Under state law, pretrial conditions must be set after a defendant is arrested for a crime, and this typically occurs at the initial appearance before a magistrate. G.S. 15A-511. Although state statutes express a preference for non-financial conditions (written promise to appear, custody release, and unsecured bond), G.S. 15A-534(b), secured bonds are the most commonly imposed pretrial condition in North Carolina. See Jessica Smith, How Big a Role Does Money Play in North Carolina’s Bail System (July 2019). Much has been written about the problems of using money to detain pretrial, including the unfairness of incarcerating people not because they are risky but because they are poor. Thus, in discussions about procedural reform, there is interest in making sure that law enforcement and court officials only execute or order arrests in cases where arrest is in fact required. If, in low-level cases for example, the officer opts for a citation instead of a warrantless arrest or the magistrate opts for a summons instead of an arrest warrant, the defendant simply is directed to appear in court to answer the charges. Since the defendant is not taken into custody, there is no initial appearance or setting of conditions, which again, skew towards secured bonds and create the potential for wealth-based detentions and other negative consequences. This explains why stakeholders are looking at citation and summons in lieu of arrest policies, either as stand-alone reforms or as part of broader bail reform efforts. As stakeholders explore these matters, they are asking questions about the prevalence of citation and summons use in their communities. In a paper here, we present data regarding citation usage in North Carolina. In this paper, we focus on usage of the criminal summons.

Working with court system data we compiled a statewide and county-level analysis of the prevalence of summons use in North Carolina. Because we knew that a misdemeanor charge with an associated felony was more likely to result in arrest, we limited our data to cases where the highest charge was a misdemeanor. Specifically, we examined North Carolina Administrative Office of the Courts (NC AOC) data on initial process type. For this analysis, we were interested in the percentage of highest charge misdemeanor cases where the magistrate issued a summons opposed to an arrest warrant. Because we wanted to see any trends in the data, we did all this for three years, 2016-2018.

A spreadsheet of our results is available here. Looking just at 2018, the statewide percentage of misdemeanor cases initiated by a summons (as opposed to an arrest warrant) is 32.9%, showing that statewide the summons is used in only a minority of misdemeanor cases. This is interesting given that the statutes seem to contemplate limited use of warrants and a number of bond policies encourage use of summons in lieu of arrest. As to the statutes, G.S. 15A-304(b)(1) provides that a warrant for arrest may be issued, instead of a criminal summons “when it appears . . . that the person . . . should be taken into custody.” Circumstances to be considered in the determination of whether custody is required “include, but are not limited to, failure to appear when previously summoned, facts making it apparent that a person summoned will fail to appear, danger that the person accused will escape, danger that there may be injury to person or property, or the seriousness of the offense.” Id.

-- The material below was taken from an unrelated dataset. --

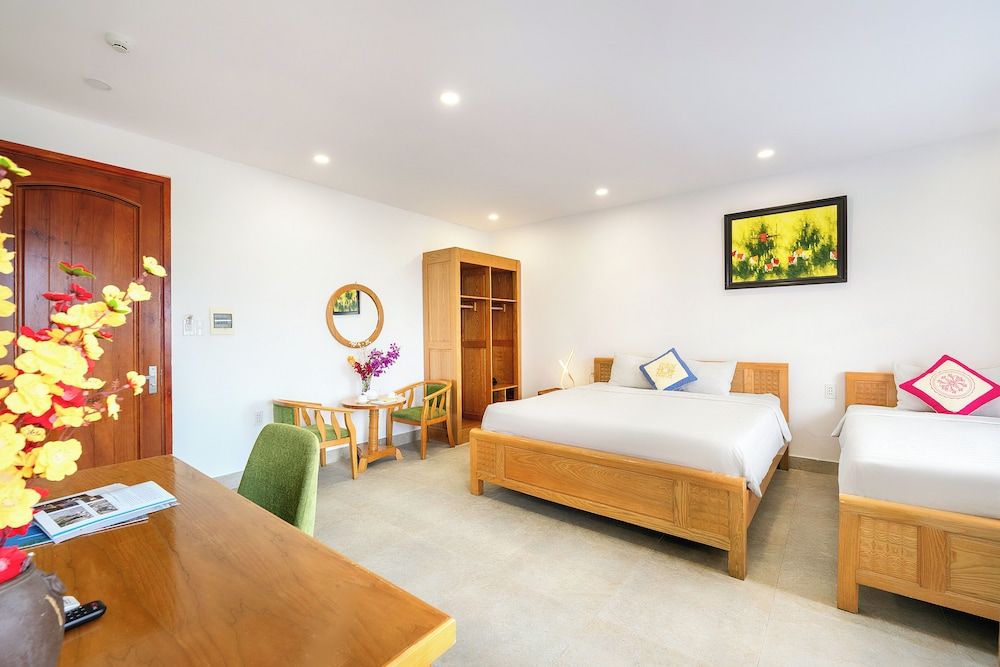 Yellow Daisy Villa Family Villa, Private Pool, Garden View 14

The statute further provides that in citizen-initiated cases, the official “shall not issue a warrant for arrest and instead shall issue a criminal summons” unless the official finds that certain circumstances exist. G.S. 15A-304(b)(3) (emphasis added). As to the bond policies, our review indicates that fourteen local bond policies encourage the use of summons instead of warrants in appropriate cases. See, e.g., Rules Relating to Bail and Pretrial Release for Judicial District 16B (June 2001) (“Clerks and magistrates are encouraged to use a criminal summons instead of warrants for arrest in appropriate misdemeanor and felony cases. G.S. §15A-303.”). In light of these statutory and local bond policy provisions, it was surprising to find that the summons is used in only a minority of misdemeanor cases.

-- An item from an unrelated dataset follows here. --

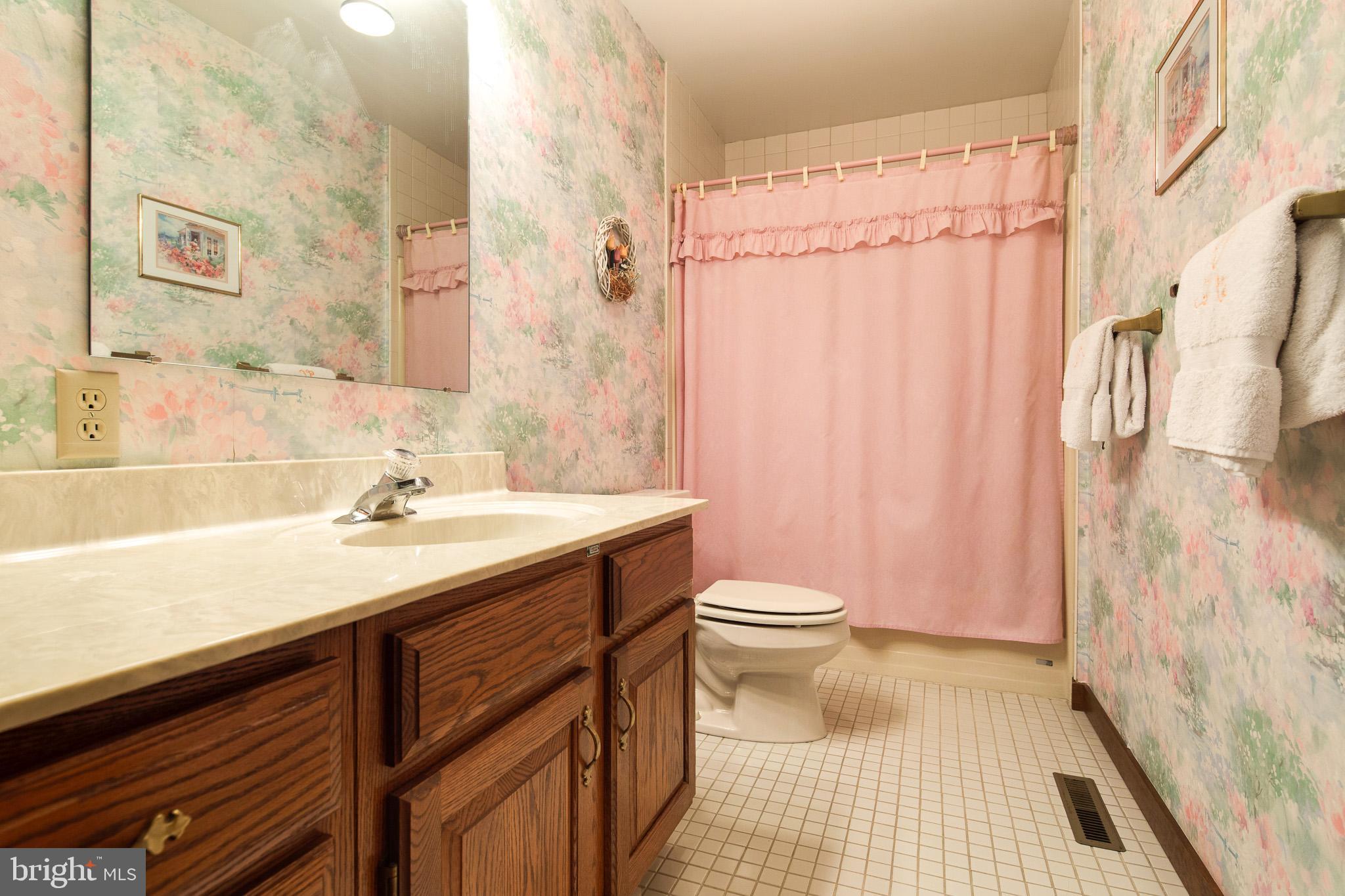 11 Anderson Lane Newark, DE 19711 - Photo 22 of 25 Full Hall Bath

Getting back to the numbers, the statewide average of misdemeanor cases initiated by summons—32.9%—masks considerable variability in the use of summons in North Carolina. At the high end is Greene County, where 60.9% of misdemeanor cases were initiated by summons. At the low end is Yancey County, where only 8.7% of cases were initiated by summons. Figure 1 shows a list of counties with the ten highest summons rates in 2018. Note that only eight counties issue summons in the majority of misdemeanor cases; in the remaining 92 counties, the arrest warrant is used in most misdemeanor cases. Figure 2 shows a list of counties with the ten lowest summons rates in 2018.

 

We also were interested to see whether any of the counties showed significant changes in the percentage of cases initiated by summons. Figure 3 shows the ten counties with the largest percentage point increases in summons rates; Figure 4 shows the ten counties with the largest decreases.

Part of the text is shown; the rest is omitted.